Aunque el consumo es más alto en hombres jóvenes, el estudio invita a mirar con atención lo que ocurre en mujeres. “El auge relativamente reciente de este tipo de drogas viene de la mano con una gran brecha del conocimiento. Una de las dimensiones de esa brecha es la de género, para comprender las razones detrás del consumo y consecuencias en hombres y mujeres. Históricamente, se ha evidenciado que las diferencias de consumo en alcohol y drogas tienen raíz en desigualdades y diferencias más estructurales de género, en las formas de educación y socialización y los estereotipos, pero falta comprender de manera más específica cómo esto se reproduce y expresa para este tipo de drogas en particular”, señala Catalina.

“Cabe mencionar que hay otras aristas que emergen en este tema: por ejemplo, la falta de perspectiva de género transversal en los programas de salud y tratamiento de consumo de drogas de la cual cada vez existe mayor conciencia y se explicita en los planes nacionales, o también, el uso consentido o no consentido de estas drogas en contextos de violencia sexual”, advierte.

Prevenir sin estigmatizar

Hablar de drogas sin caer en el sensacionalismo es un desafío. Y al mismo tiempo, es urgente. “Tenemos que generar campañas informativas claras, sin estigmatizar, que hablen directamente a los jóvenes en sus propios códigos. Desmitificar no significa criminalizar. Se trata de informar, abrir espacios de ayuda confidenciales y trabajar con instituciones educativas, de salud y de niñez con una mirada de trauma y reparación”, propone Pablo Carvacho.

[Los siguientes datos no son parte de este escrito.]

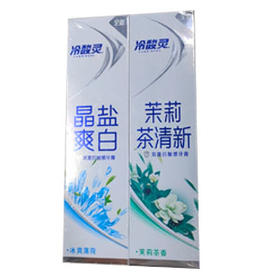 【9.9元/盒】冷酸灵冷酸灵精盐爽白+茉莉茶清新130g*2（1010319）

El estudio también propone una serie de acciones concretas para enfrentar el fenómeno de forma integral. Entre ellas, destaca la necesidad de contar con testeo de sustancias para conocer su composición real, regular el acceso a precursores químicos utilizados en su fabricación y reforzar los programas de salud mental en jóvenes, sobre todo en contextos de mayor vulnerabilidad.

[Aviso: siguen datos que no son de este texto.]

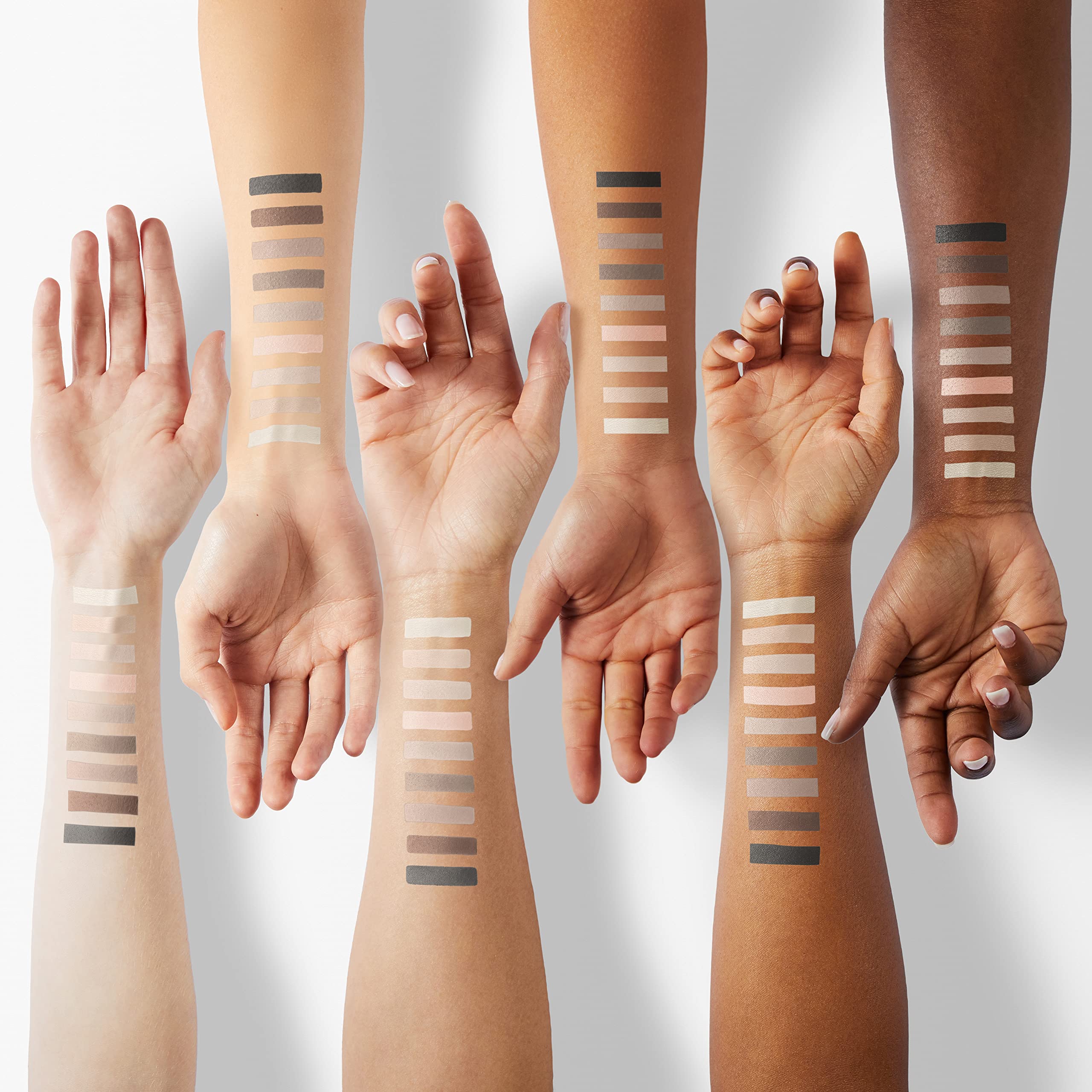 Model wearing Physicians Formula Shimmer Strips Nude eye makeup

A esto se suma la urgencia de diseñar políticas de prevención y tratamiento que incorporen un enfoque de trauma —considerando que muchos de los jóvenes con consumo problemático han atravesado experiencias de abandono, violencia o exclusión—, así como una perspectiva de género. También se propone fortalecer la reinserción escolar con apoyos adaptados a las trayectorias de vida de estos jóvenes, y capacitar a profesionales de distintas áreas (educación, salud, justicia, trabajo comunitario) en detección temprana, acompañamiento y abordajes no estigmatizantes.

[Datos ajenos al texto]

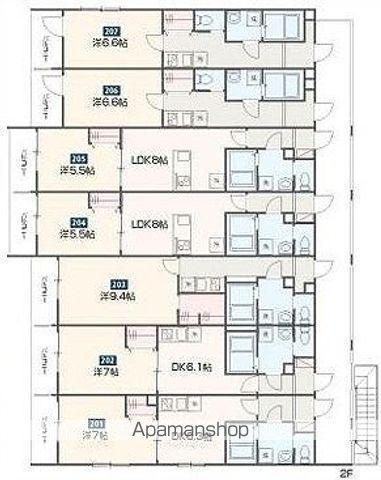 MELDIA福生Ⅲ(1LDK/2階)の間取り写真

En el centro de todas estas estrategias, dicen los autores, debe estar el principio de no juzgar. “Abrir espacios seguros, accesibles y libres de estigma para hablar de estas experiencias es clave para construir respuestas efectivas”, afirma Rufs.

Lo que a primera vista podría parecer una decisión individual o una moda pasajera —una bolsa rosada, una noche cualquiera— refleja, en realidad, una problemática más profunda. La expansión del consumo de tusi entre jóvenes y su normalización en distintos sectores sociales, especialmente en contextos marcados por la exclusión, plantea desafíos concretos para las políticas públicas y requiere respuestas coordinadas en salud, educación, prevención y acompañamiento.